[Irmensel]
IRMENSEL, van welken afgod gewagh is gemaakt, 106 bl. Van deesen schryven Scedius, de Germ. Diis, 3 Part. 476 pag. Slichtenhorst, Gelderste G. 4 B. 34 bl. Tesschemaker, in Annal. Cliv. Buchelius, in Bekam, 13 pag. en wel bysonderlyk Henr. Meibomius, aanhaalende Dithmarus, Crantzius, Urspergensis, Schafnaburgensis, Herm. Contractus, Fabricius, (in Origin. Saxonicis) de Francorum Annales en meer andere, vroegere en laatere Schryveren; nevens een maakselloose en feldsaame Afbeeldinge.
Maar, nu willen eenige dit Harmanssuil het beeld te syn geweest van der Duitsschen voorstander, Harminius. Scedius, op de gemelde plaats. Saubertus, de Sacrificiis, 53 pag. Junius, Batav. 386 bl. Ernstius, Observation., 2 lib. 17 cap. Neocor. in Mart. & April. A. 1698, 165 pag. spreekende de laatste niet als onbeschaamde onwaarheden (volgens myn gevoelen van, de opgedolven brokkelingen van deesen Irmensul.
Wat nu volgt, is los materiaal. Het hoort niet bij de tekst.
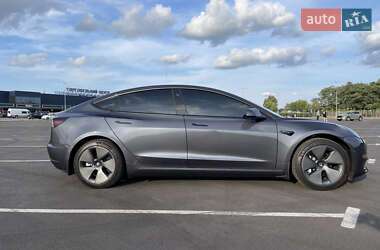 Седан Tesla Model 3 2021 в 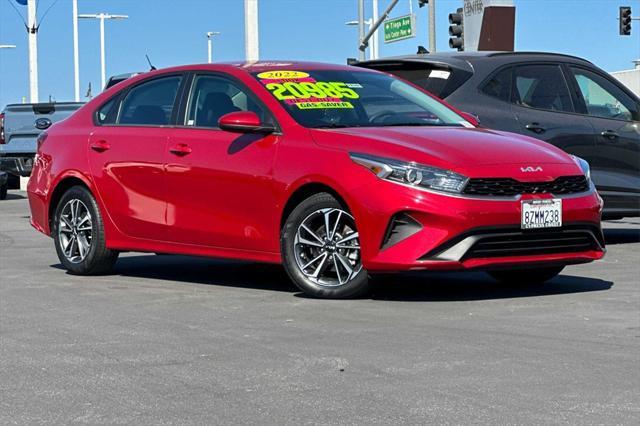 2022 kia forte lxs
Eenige weder, het selve noemende Ermensuil, geloven dat het een afbeeldinge van Ermes of Mercurius is geweest; A. 729 of liever, A. 734, door Karel Martell, afgekeurd en om verr geworpen. Van Royen, Neerl. Oudheden, 141 bl. behalven de meeste der bovengenoemde.